**What needs to be done**:
Skip the pictures. Transcribe the rest of the data below without changing a word.

**Provided material**:
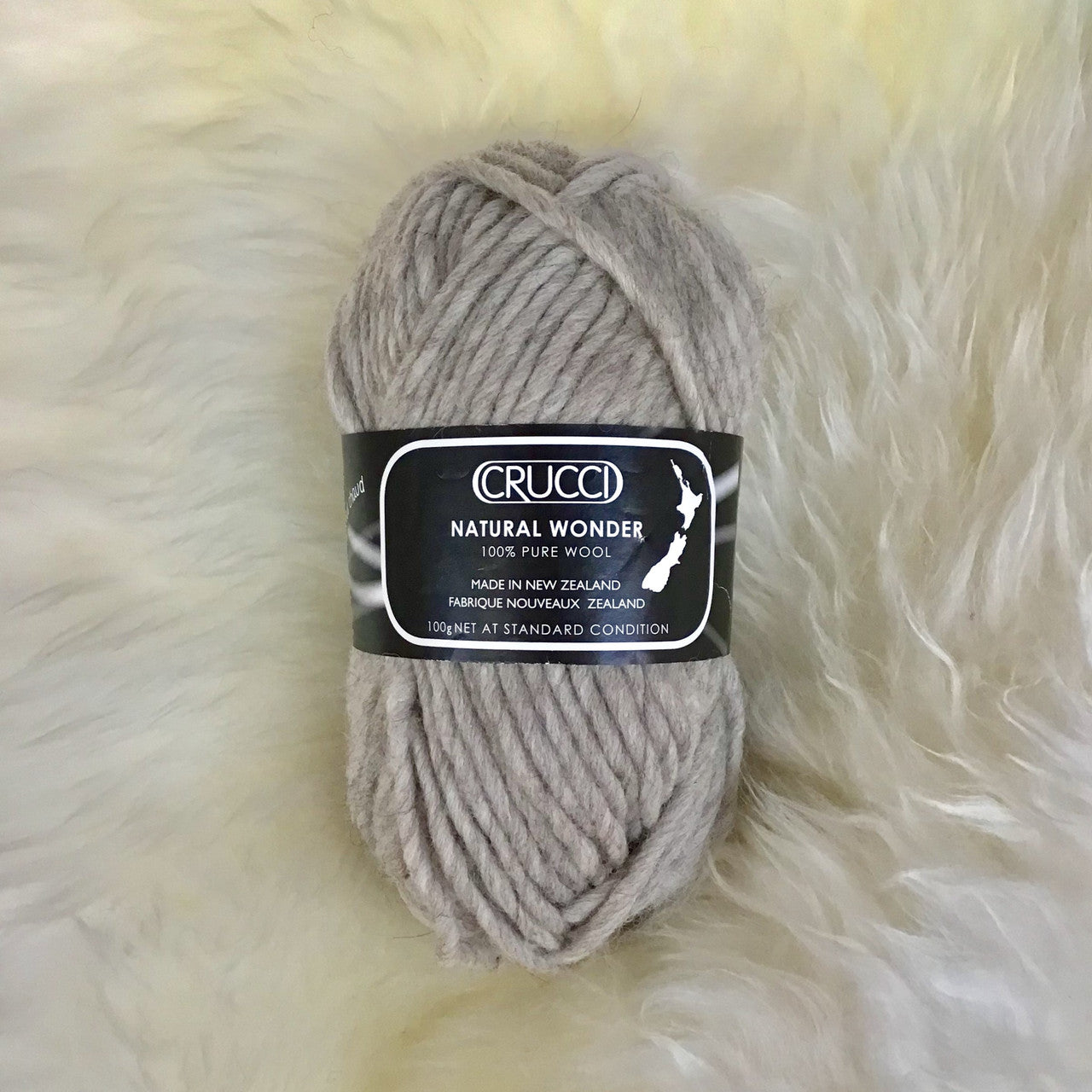 Ball of yarn in colour oatmeal.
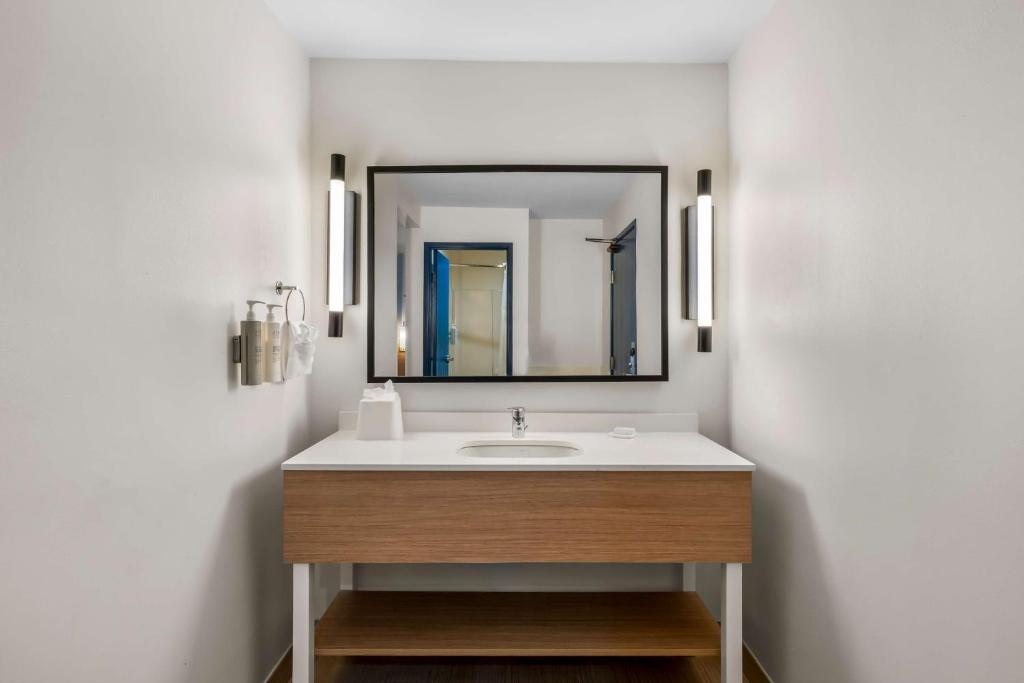 Spark By Hilton Grapevine DFW North photo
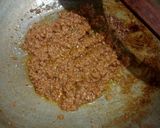 A picture of step 5 of Qeema macaroni.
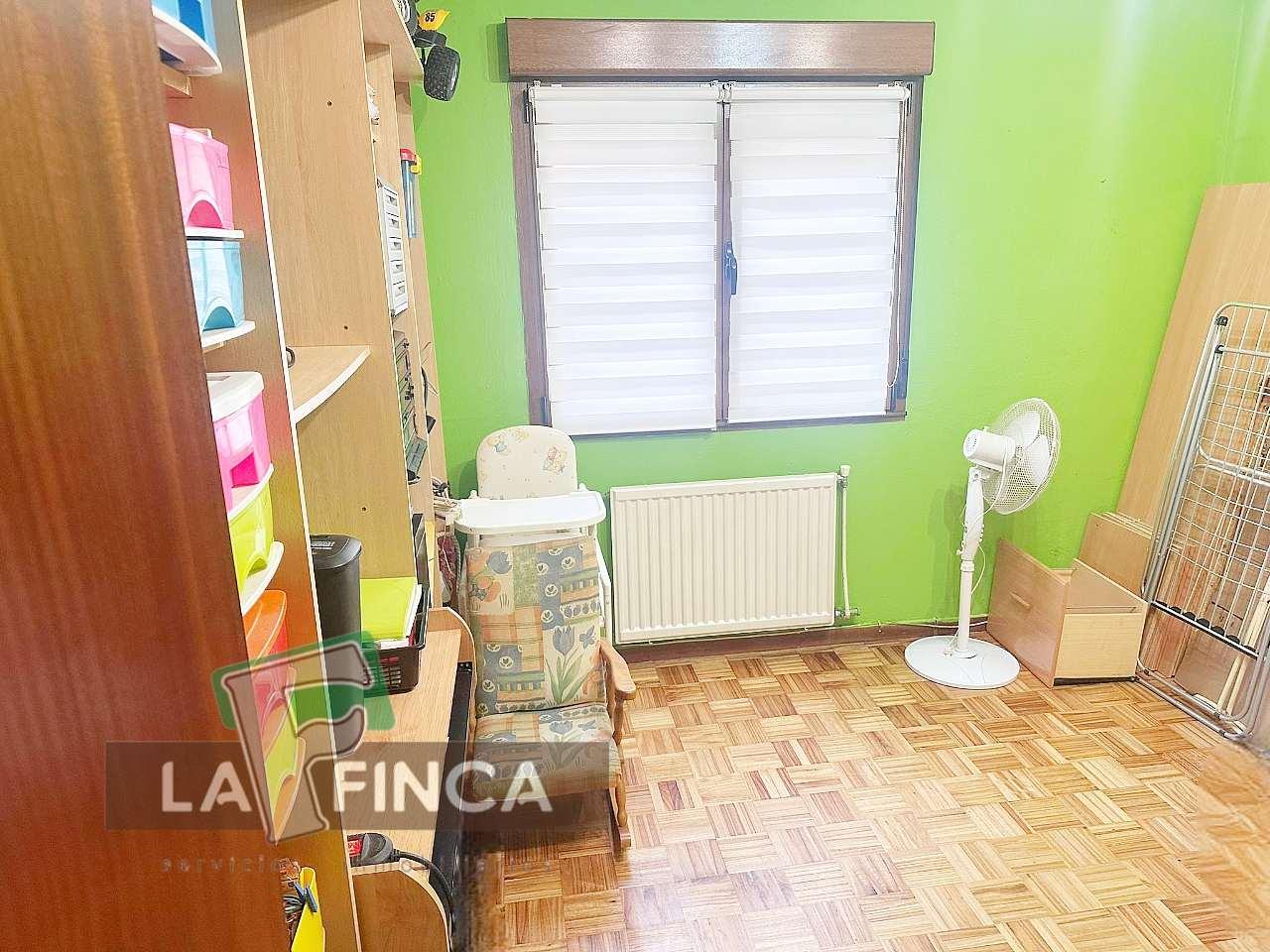 For sale of flat in Oviedo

**Exercise solution**:
 Ball of yarn in colour oatmeal.
 Spark By Hilton Grapevine DFW North photo
 A picture of step 5 of Qeema macaroni.
 For sale of flat in Oviedo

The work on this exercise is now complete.